Mr. Jan Carius is planned to graduate in Summer 2020. The papers published in the course of the SNF project (and a number of papers that are in preparation/submitted) form a large fraction of his PhD thesis.
Mr. Vassilios Tsounis developed in the course of this SNF project an entirely novel learning pipeline for deployment on the real system. This massive investment is the basis for a number of publications in preparation.
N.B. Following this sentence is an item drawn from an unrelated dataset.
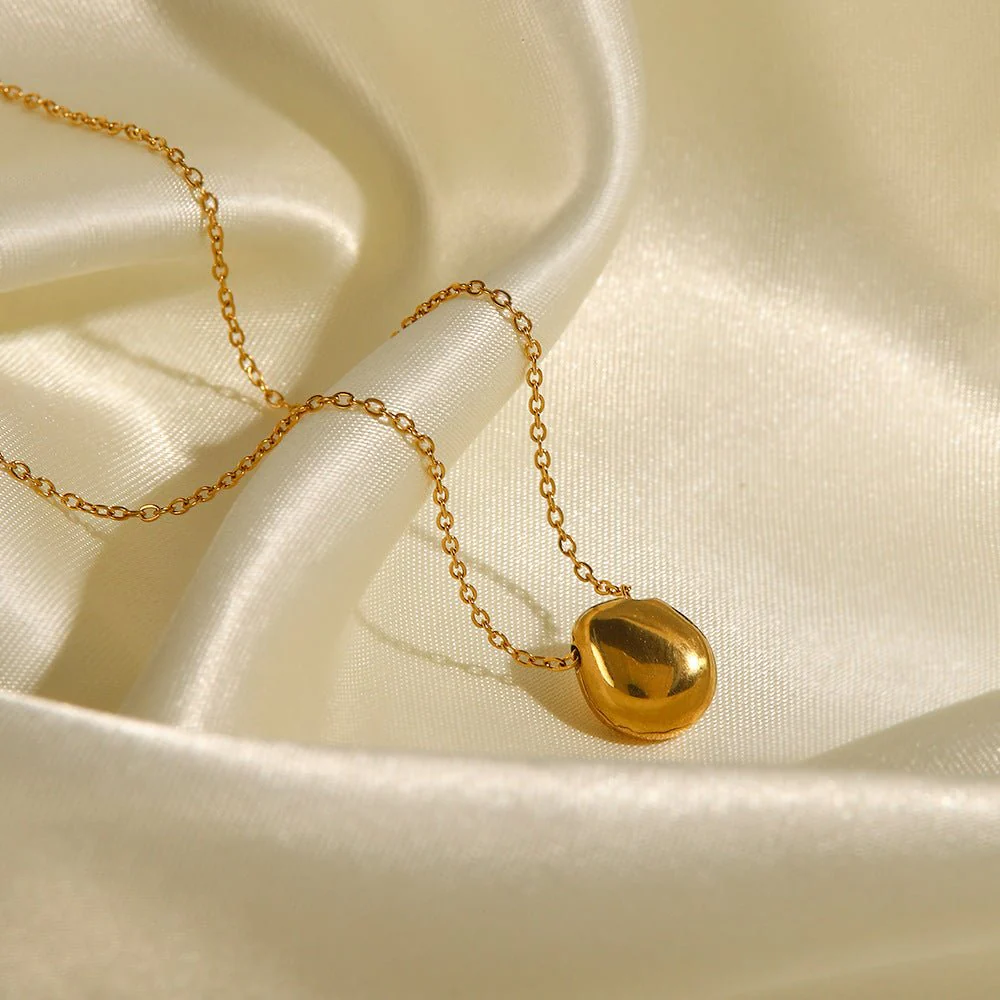 Nancy Freshwater Pearl Necklace - Image 8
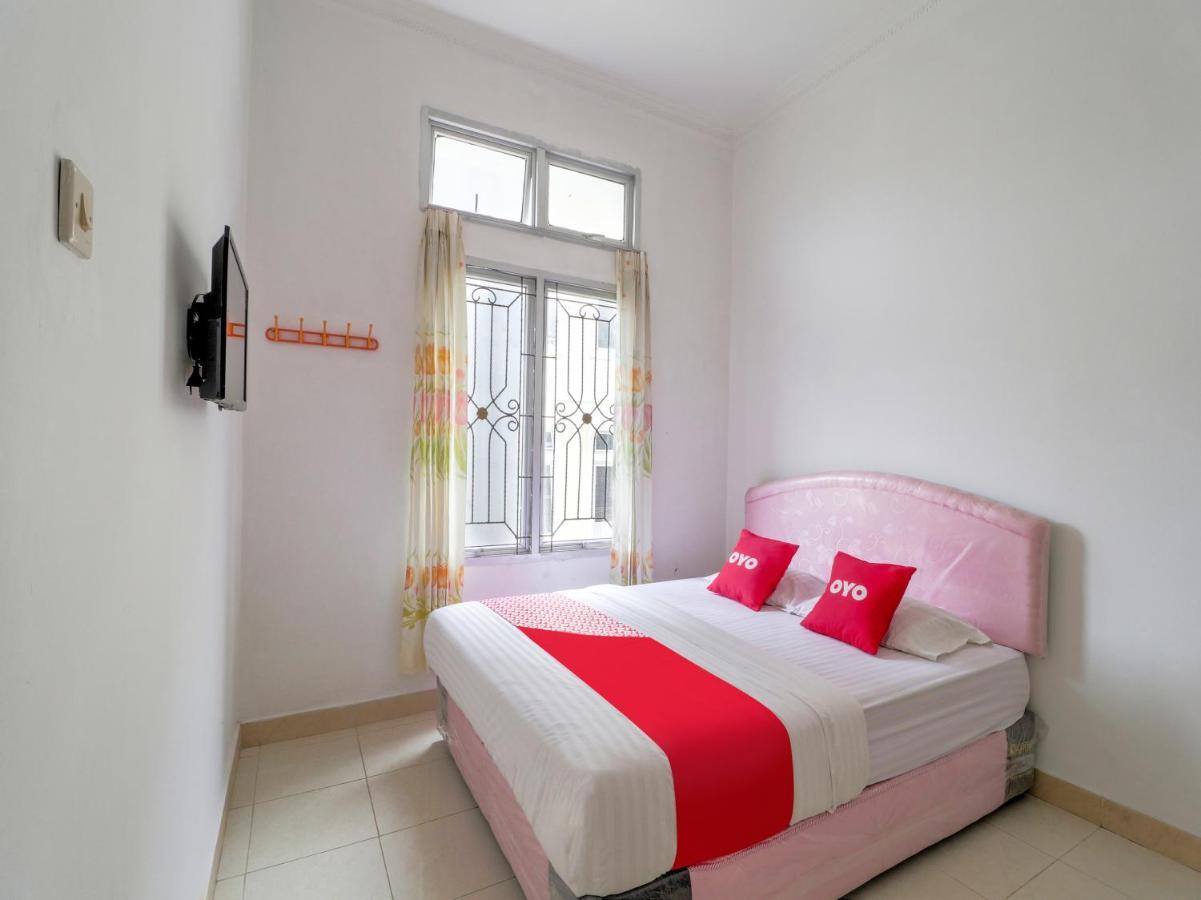 Oyo 2997 Grand Suites Palace 2 Sindanglaya المظهر الخارجي الصورة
Paper [8] is a core contribution of his thesis.

Research Output
[1] J. Hwangbo, S. Inkyu, R. Siegwart and M. Hutter "Control of a quadrotor with reinforcement learning." in IEEE Robotics and Automation Letters, vol.2, no. 4, pp. 2096-2103, Jun. 2017
[2] J. Hwangbo, J. Lee and M. Hutter. "Per-contact iteration method for solving contact dynamics." in IEEE Robotics and Automation Letters, vol. 3, no. 2, pp. 895-902, 2018
[3] J. Carius, R. Ranftl, V. Koltun and M. Hutter, "Trajectory Optimization With Implicit Hard Contacts," in IEEE Robotics and Automation Letters, vol. 3, no. 4, pp. 3316-3323, Oct. 2018.
[4] J. Carius, R. Ranftl, V. Koltun and M. Hutter, "Trajectory Optimization for Legged Robots With Slipping Motions," IEEE Robotics and Automation Letters (accepted), 2019.
[5] J. Hwangbo, J. Lee, A. Dosovitskiy., D. Bellicoso, V. Tsounis, V. Koltu and M. Hutter, "Learning agile and dynamic motor skills for legged robots." Science Robotics, vol. 4, no. 26, eaau5872, Jan. 2019
[6] Lee, Joonho, Jemin Hwangbo, and Marco Hutter. "Robust Recovery Controller for a Quadrupedal Robot using Deep Reinforcement Learning." arXiv preprint
arXiv:1901.07517 (2019).
[7] J. Carius, F. Farshidian, and M. Hutter, “MPC-Net: A First Principles Guided Policy Search Approach,” (submitted to) IEEE Robot Autom. Lett., 2019.
[8] V. Tsounis, M. Alge, J. Lee, F. Farshidian, and M. Hutter, “DeepGait: Planning and Control of Quadrupedal Gaits usingDeep Reinforcement Learning,” (submitted to) IEEE Robot. Autom. Lett., 2019.